Einen genauen Überblick darüber, welche Anbieter ihre Verträge aufgelöst haben, gibt es noch nicht. Laut Bundesnetzagentur hatten bis Ende Dezember 38 Unternehmen angezeigt, die Lieferung von Strom beenden zu wollen.

Eines der bekanntesten ist die Stromio GmbH, ein selbst ernannter Energiediscounter mit Sitz in Kaarst bei Düsseldorf, der seit 2009 am Markt vertreten ist. Allein bei Stromio könnten nach Angaben der Verbraucherzentrale Nordrhein-Westfalen etwa 700.000 Strom- und 300.000 Gaskunden betroffen sein. Diese bekamen kurz vor Weihnachten oder in den ersten Tagen des neuen Jahres eine Mail samt außerordentlicher Kündigung – rückwirkend.

„Heute kommen wir leider mit einer unerfreulichen Nachricht auf Sie zu“, heißt es in dem Schreiben, das unserer Redaktion vorliegt. „Wir kündigen hiermit den zwischen uns bestehenden Stromliefervertrag mit Ablauf des 21.12.2021. Zu diesem Termin haben wir die Belieferung mit Strom eingestellt.
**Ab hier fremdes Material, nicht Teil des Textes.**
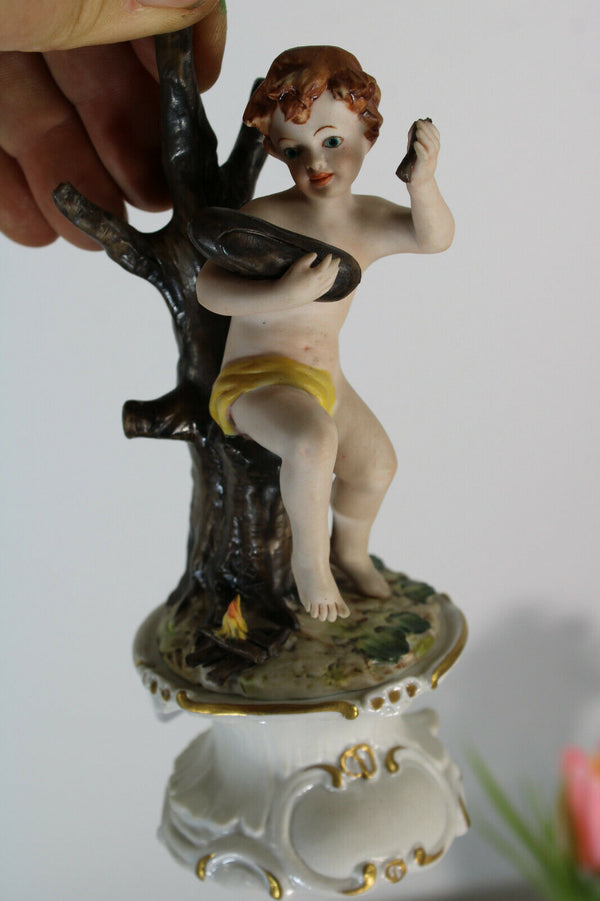 vintage capodimonte marked Figurine statue putti fire making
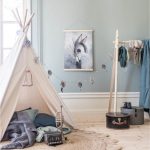 Witte tipi speeltent met rond jute vloerkleed aan de muur hangt een poster van mrs mighetto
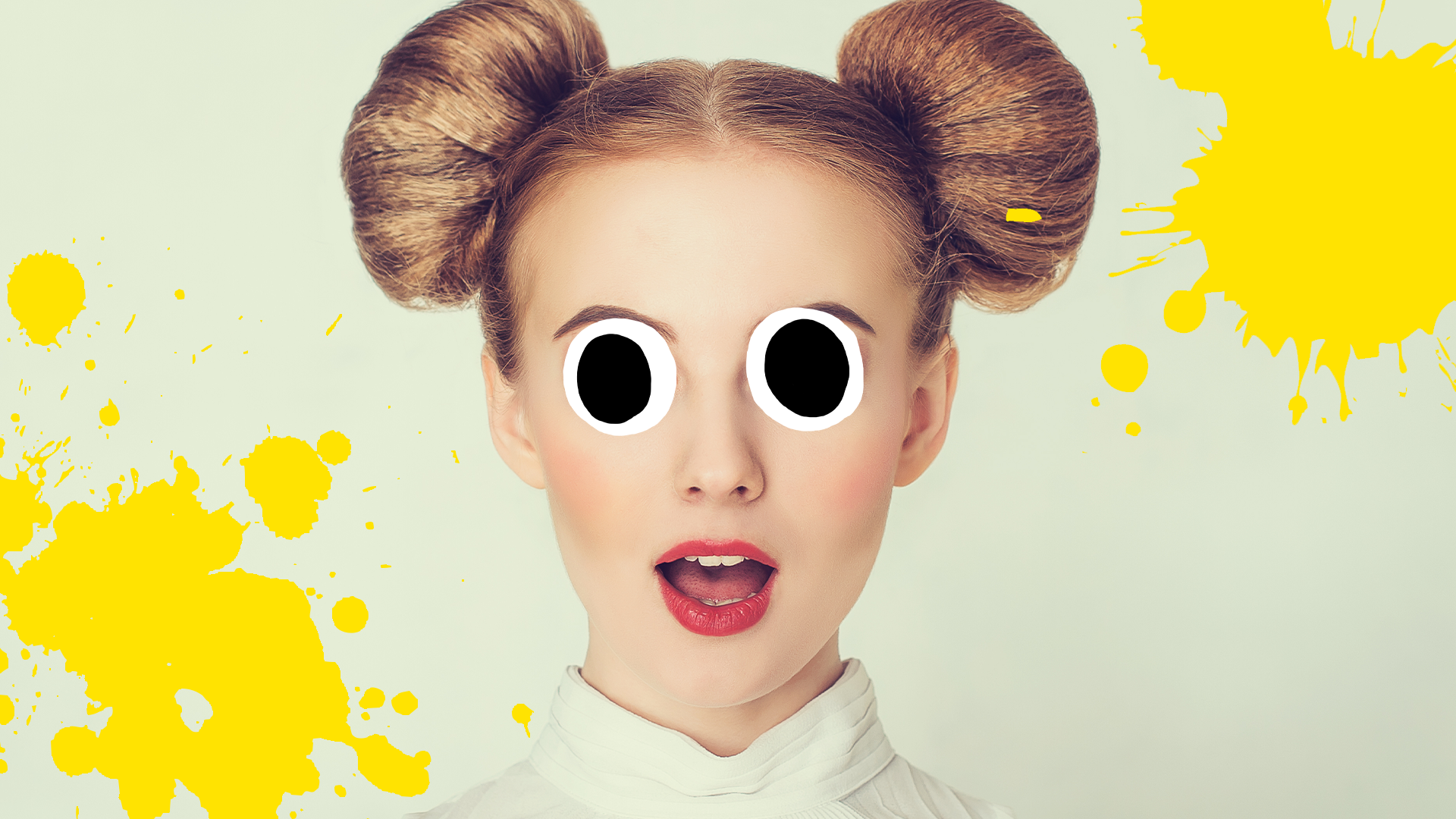 Woman with hair in buns on grey background with yellow splats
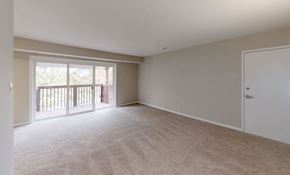 Martinsburg apartment for rent - an empty living room with a door to a balcony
Wir bitten um Ihr Verständnis für diese Entscheidung, die uns sehr schwergefallen ist.“

Zeitgleich bekommen Betroffene ein Schreiben eines anderen Energieanbieters, der die Ersatzlieferung übernimmt, damit die Kunden nicht ohne Strom oder Gas dastehen. Die Tarife für die Ersatzleistung sind meist deutlich teurer.

Was sind die Gründe für dieses Verhalten?

Zur Begründung schreibt Stromio in der Mail, dass „die fortlaufenden Entwicklungen auf den Rohstoffmärkten sowie die Kündigung unseres Bilanzkreisvertrags durch den Übertragungsnetzbetreiber“ es unmöglich machten, die Versorgung mit Strom oder Gas fortzusetzen.

Der Anbieter beschreibt eine „nie da gewesene Preisexplosion an den europäischen Energiehandelsplätzen“. Der Strompreis für Lieferungen in der Winterzeit habe sich auf den Beschaffungsmärkten in der Spitze um mehr als 400 Prozent erhöht. Die Ursachen seien „in einem außergewöhnlichen Zusammentreffen verschiedener Faktoren zu sehen“.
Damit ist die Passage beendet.